When the Booker shortlist came out, I agonised over whether to read all of Dangarembga's trilogy (the third was nominated). I'm so glad I did, because the original is overwhelmingly the best, and it's pretty clear that they've given the nod to book three (which is fine, but only fine) because they didn't give it to Nervous conditions. That was excellent, and I'd recommend stopping there. Book two is appallingly structured and while not without good scenes, pretty poor. I spent a bit of time deciding between Dangarembga and Mengiste for BOTM, but in the end I felt that the story in The Shadow King edged it. I am not firm in that conclusion, but it is an excellent book. The narrative flows nicely, the writing tidy and, impressively, simultaneously understated and horrifyingly evocative of the brutality its describing. It's deceptive in its approach, often seeming to be heading one way before shifting focus and direction - the shadow king in question, is a) pretty shadowy in plot and significance terms and b) not mentioned till halfway through the book. I'm going to read more of hers. 

No surprises then, that this is my preferred Booker winner. It was a pretty solid (if not outstanding) list though and I'd be unable to make a strong case for my rankings 2-4. As follows:
  1. Mengiste
  2. Stuart
  3. Cook 
  4. Taylor
  5. Doshi
  6. Dangarembga
I'm pretty uncertain who will win. It may well be Shuggie Bain, but I think they will want to push for a black voice in which case they may like Brian Taylor's Real Life. On balance, I ultimately think it will be The Shadow King, which would be my third in a row.

Sunday, 4 October 2020

Bibliography, September 2020

BOTM: J. Gillingham, The Wars of the Roses (1981)

D. Cook, The New Wilderness (2020)
A. Doshi, Burnt Sugar  (2020)
E. John, Me (2019)
N. MacGregor, Germany: memories of a nation (2014) 
M. Morris, A great and terrible king: Edward I and the forging of modern Britain (2010) 
V.T. Nguyen, The refugees (2017)
E. Shafak, How to Stay Sane in an Age of Division  (2020)
D. Stuart, Shuggie Bain (2020)
B. Taylor, Real Life (2020)

Rock solid list (except for Shafak, which was facile). The fiction was no more than solid, but some of the non-fiction was very good indeed.

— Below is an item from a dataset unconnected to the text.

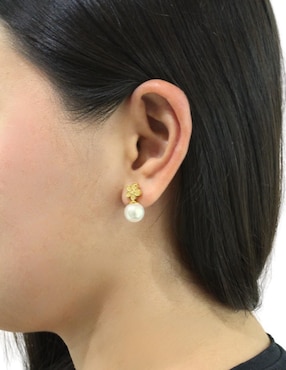 Broqueles de flor Nuvi con acabado brillante imitación perla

Elton John's autobiography was deliriously enjoyable, and generous in his descriptions of most people in it. MacGregor was elegant and insightful about Germany. 

Elsewhere, I'm catching up on British medieval history, and my favourite this month was from one of my favourite historians. John Gillingham's work on Richard I is pretty much solely responsible for my strong performance in my English medieval history paper in finals, and I'm forever grateful for his deployment of charter statistics to understand Richard's reign. He shows the same trademark ability to count, and brilliance to look for data, in his account of the Wars of the Roses. I found his opening chapters on the nature of the wars, and their peculiar character as battle-seeking campaigns, highly convincing; and I loved his use of city wall-tax rates as evidence. The rest of the book, on the events of the wars themselves, was done well, and made a complicated saga relatively easy to follow. It's also not very long.